Du côté du ministère de la Culture, même si on reconnaît "vouloir donner du temps à chaque société de se jeter à l'eau et d'intervenir le moment venu", cette querelle ne laisse pas indifférent et agace à la limite. Selon Blaise Etoa, chargé d'études assistant à la cellule de communication du Mincult, "Il n'y a aucun flou quant à l'unique point mis à l'odre du jour. Si Dikonguè Pipa n'avait pas été sous le coup de l'interdiction suite à son passé avec la Socinada, c'est à lui que reviendrait le pouvoir d'organiser cette assise du 22 novembre en tant que président de la socidrap. C'est normal que Gervais Mbarga la convoque. C'est en sa qualté de vice-président de la Socidrap originelle qu'il a été désigné pour le faire. Il s'agira donc juste pour les membres de la Socidrap originelle, d'accepter de façon officielle que leurs textes appartiennent désormais à la société consensuelle".
Irritation
De ce "désaccord larvé", découle une situation toute aussi embarrassante pour les uns et les autres. Chacune des "tendances de la maison" tient ses réunions. Ainsi, alors que Gervais Mbarga programme une réunion (à laquelle il a invité M Tjomb) pour le 22 novembre prochain au siège de l'association Films à Yaoundé, Clément Tjomb annonce quant à lui le " premier Conseil d'administration extraordinaire " pour le 28 du même mois au siège de la société à Nlongkak) , tandis que tous les documents sont désormais faits en double. Clément Tjomb présente un acte notarié daté du 17 octobre 2003, dressé par Pierre François-Xavier Menye Ondo, une initiative qui irrite les responsables du ministère de la Culture, pour qui, "les textes fondamentaux sont ceux élaborés par la Socidrap originelle, et on avait plus besoin de les légaliser". Des textes queGervais Mbarga, présente sous la forme d'un acte notarié daté du 15 janvier 2003 réalisé par Madeleine Assoo Ngono Zé.

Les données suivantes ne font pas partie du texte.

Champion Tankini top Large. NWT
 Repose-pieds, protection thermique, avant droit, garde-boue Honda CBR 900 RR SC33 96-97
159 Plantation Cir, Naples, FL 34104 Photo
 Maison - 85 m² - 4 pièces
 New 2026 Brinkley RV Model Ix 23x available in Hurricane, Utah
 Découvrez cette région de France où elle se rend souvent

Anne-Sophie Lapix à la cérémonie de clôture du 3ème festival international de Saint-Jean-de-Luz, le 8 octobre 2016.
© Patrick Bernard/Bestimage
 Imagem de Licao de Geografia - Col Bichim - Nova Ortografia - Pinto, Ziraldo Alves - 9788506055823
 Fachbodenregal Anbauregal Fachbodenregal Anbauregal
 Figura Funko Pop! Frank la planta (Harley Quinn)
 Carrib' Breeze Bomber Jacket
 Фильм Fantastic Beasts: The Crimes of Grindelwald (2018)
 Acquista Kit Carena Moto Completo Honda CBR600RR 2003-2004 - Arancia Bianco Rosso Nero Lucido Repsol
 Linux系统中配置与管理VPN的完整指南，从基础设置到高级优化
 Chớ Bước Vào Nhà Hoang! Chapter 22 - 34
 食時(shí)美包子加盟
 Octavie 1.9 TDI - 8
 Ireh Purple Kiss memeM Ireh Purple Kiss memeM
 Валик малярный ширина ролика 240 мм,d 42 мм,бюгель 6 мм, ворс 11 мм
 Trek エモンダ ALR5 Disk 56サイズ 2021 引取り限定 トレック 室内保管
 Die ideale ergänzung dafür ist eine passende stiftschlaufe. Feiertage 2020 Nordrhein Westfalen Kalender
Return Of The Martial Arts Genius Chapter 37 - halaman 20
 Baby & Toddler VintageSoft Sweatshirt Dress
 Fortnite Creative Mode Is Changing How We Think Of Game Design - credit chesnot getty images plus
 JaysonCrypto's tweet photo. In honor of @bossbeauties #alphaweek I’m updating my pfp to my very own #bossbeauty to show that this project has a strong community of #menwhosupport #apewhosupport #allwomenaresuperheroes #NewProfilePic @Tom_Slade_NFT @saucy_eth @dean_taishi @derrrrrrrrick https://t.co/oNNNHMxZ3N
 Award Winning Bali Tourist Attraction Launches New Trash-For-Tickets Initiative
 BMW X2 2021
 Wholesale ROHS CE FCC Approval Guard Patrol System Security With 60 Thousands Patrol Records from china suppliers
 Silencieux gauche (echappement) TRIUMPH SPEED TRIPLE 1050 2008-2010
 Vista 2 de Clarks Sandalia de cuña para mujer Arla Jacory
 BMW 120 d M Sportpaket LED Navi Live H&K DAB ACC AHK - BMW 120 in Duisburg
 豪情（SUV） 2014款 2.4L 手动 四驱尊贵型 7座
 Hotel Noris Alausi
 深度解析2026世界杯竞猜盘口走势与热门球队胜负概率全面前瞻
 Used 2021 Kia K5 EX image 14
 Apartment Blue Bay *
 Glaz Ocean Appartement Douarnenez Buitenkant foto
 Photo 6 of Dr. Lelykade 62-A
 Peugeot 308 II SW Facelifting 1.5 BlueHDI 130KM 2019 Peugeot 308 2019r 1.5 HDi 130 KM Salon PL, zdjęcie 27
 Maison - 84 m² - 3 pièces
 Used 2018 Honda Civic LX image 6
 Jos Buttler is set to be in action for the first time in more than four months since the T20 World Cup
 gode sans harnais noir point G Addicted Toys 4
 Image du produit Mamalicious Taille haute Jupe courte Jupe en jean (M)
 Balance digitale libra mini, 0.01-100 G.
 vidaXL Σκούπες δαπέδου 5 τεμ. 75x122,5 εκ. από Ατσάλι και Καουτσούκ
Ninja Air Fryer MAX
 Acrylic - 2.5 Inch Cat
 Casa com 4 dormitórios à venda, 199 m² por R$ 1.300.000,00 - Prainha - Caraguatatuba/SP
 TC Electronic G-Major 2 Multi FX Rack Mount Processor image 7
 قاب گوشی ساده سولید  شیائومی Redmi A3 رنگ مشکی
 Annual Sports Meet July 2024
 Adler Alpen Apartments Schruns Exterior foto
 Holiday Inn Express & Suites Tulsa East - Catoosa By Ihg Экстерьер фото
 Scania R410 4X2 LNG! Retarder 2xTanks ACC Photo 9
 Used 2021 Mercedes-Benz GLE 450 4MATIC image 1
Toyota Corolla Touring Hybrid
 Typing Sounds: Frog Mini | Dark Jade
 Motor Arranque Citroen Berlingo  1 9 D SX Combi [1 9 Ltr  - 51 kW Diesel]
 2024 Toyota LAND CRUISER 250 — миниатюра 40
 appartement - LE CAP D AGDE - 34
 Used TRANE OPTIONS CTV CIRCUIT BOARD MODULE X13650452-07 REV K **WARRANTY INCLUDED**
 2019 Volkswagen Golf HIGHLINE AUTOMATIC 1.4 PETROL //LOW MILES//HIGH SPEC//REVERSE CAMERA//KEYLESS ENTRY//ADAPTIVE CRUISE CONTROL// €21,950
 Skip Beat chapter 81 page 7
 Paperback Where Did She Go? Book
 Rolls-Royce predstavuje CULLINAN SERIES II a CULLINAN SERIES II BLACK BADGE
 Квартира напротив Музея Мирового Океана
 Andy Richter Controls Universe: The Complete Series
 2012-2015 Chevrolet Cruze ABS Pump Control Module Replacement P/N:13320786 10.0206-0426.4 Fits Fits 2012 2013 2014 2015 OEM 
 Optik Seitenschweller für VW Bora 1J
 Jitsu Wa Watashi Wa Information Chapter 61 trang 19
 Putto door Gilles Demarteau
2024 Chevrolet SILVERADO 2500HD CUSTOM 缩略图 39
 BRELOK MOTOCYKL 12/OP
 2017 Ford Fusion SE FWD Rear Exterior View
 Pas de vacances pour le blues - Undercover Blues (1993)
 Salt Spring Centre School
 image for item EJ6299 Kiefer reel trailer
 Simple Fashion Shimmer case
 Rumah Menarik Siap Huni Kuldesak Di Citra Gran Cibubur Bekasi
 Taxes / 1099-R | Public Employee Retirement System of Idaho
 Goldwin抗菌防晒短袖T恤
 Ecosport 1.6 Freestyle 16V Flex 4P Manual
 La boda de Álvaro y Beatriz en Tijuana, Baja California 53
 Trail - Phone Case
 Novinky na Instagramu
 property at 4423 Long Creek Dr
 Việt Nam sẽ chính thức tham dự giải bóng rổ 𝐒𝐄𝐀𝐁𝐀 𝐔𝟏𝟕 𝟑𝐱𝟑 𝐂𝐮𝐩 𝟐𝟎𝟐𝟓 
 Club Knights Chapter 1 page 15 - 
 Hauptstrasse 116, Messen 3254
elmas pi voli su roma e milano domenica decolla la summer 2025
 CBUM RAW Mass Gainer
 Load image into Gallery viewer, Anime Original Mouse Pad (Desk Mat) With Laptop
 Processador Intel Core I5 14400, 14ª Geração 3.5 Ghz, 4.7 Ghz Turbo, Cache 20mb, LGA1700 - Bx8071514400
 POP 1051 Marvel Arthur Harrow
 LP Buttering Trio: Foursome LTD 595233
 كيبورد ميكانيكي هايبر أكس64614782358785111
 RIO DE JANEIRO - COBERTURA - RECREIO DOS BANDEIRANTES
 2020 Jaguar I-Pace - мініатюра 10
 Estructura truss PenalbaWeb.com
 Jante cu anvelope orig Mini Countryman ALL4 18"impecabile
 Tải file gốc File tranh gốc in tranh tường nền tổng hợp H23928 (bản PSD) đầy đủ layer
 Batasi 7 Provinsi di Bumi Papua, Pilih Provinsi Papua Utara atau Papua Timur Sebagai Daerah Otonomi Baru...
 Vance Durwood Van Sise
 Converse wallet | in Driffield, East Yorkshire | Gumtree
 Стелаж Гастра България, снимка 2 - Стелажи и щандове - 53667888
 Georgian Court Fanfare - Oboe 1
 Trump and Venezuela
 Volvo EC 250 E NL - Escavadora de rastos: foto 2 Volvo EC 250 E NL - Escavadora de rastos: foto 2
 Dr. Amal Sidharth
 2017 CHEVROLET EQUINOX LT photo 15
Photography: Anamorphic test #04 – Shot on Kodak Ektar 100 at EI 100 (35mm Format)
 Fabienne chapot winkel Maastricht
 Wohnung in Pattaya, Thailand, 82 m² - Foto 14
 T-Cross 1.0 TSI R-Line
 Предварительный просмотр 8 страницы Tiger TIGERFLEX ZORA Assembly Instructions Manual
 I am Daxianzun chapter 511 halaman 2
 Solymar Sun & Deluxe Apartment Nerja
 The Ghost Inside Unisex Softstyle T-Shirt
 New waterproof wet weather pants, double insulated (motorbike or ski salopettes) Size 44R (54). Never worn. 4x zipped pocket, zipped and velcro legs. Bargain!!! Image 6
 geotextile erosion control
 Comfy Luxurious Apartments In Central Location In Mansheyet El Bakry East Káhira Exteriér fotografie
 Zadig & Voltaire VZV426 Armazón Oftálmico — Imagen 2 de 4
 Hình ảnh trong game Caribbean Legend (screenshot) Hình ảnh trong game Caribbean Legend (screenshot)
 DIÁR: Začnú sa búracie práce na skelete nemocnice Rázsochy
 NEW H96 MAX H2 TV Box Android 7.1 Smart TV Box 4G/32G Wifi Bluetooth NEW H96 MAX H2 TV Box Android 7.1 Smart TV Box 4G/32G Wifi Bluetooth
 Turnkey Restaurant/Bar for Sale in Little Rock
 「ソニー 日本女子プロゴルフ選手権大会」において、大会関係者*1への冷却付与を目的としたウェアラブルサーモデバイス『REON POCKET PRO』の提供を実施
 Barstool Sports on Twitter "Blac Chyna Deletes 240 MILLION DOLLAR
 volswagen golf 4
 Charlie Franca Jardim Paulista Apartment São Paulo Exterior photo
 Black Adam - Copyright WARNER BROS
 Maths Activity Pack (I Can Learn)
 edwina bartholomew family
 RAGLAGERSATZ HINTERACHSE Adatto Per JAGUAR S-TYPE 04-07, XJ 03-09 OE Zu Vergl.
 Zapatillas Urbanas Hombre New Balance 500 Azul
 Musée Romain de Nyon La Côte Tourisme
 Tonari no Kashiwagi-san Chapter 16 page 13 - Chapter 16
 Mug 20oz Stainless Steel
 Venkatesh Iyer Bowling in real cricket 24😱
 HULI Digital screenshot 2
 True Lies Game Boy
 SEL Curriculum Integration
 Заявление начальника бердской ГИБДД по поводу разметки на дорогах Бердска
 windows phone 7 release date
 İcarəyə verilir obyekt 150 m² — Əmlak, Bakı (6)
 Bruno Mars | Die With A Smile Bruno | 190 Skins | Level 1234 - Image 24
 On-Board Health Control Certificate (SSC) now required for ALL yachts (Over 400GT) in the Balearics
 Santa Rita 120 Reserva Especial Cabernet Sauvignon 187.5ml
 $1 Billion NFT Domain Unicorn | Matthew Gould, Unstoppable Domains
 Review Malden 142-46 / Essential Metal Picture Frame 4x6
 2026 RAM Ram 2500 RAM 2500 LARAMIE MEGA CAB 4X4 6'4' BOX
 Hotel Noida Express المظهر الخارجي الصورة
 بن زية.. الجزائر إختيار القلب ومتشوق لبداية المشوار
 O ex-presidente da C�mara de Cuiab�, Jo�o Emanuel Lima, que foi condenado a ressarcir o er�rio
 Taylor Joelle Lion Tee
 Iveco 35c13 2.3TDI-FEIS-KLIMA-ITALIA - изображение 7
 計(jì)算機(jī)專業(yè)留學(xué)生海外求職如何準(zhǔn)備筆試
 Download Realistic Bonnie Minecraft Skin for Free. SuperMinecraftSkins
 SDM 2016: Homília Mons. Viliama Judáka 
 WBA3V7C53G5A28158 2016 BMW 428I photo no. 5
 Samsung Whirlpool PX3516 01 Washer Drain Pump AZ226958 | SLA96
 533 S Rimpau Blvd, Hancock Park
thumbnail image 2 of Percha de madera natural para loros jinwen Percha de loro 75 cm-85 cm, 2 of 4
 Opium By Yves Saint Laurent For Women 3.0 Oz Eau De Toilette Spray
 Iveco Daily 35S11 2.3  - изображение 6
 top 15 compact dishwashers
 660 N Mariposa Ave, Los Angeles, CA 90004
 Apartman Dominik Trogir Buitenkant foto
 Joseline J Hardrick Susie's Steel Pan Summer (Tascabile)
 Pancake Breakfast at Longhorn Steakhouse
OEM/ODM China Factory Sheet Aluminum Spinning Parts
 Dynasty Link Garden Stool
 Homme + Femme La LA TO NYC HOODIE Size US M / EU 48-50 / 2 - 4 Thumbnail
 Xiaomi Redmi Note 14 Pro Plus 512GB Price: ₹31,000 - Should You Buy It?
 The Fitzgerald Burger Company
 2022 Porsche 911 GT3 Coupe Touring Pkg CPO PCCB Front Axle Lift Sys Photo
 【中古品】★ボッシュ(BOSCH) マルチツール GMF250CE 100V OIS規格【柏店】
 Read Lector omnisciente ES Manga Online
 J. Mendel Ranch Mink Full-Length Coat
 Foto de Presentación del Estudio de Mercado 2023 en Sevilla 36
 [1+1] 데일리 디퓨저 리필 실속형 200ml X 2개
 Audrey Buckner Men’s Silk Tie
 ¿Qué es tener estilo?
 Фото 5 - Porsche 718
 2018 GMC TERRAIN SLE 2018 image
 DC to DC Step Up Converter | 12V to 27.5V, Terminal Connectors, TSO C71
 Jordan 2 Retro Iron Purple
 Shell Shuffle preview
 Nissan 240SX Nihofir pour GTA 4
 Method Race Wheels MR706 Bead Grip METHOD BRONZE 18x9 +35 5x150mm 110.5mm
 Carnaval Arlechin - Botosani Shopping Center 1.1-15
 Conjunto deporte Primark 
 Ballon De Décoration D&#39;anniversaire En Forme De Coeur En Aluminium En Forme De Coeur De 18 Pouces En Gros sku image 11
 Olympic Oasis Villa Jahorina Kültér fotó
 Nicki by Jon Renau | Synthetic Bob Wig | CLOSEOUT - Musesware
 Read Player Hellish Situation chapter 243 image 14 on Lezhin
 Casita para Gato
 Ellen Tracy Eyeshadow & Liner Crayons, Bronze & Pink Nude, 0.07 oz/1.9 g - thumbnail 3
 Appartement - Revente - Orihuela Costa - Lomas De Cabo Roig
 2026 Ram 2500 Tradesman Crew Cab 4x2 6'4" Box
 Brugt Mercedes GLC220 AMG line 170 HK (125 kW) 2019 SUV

Si le premier contient également le procès-verbal de la rencontre des 16 et 18 juin 2003, le bureau du conseil dadministration et la liste des autres administrateurs en plus des textes fondamentaux, le second ne présente que les textes fondamentaux. Ce qui pousse Gervais Mbarga à penser qu : "il existe désormais deux sociétés dans la mesure où, chacun présente un acte officiel ". La gestion de la perception des Droits de reproduction public et Droits audiovisuels et photographiques auprès des populations par les membres de la Cmc, oppose également les deux parties. Si le Pca juge important d'accepter, avec les autres sociétés, de percevoir, de novembre à décembre ces taxes, il ne pense pas moins que " l'on devrait se donner le temps d'inventorier toutes nos oeuvres ". Son 1er vice-président est, quant à lui, plus enclin à une politique d'ouverture. Quoi qu'il en soit, cette situation pourrait conduire à un retrait d'agrément à cette société de gestion collective des droits d'auteurs.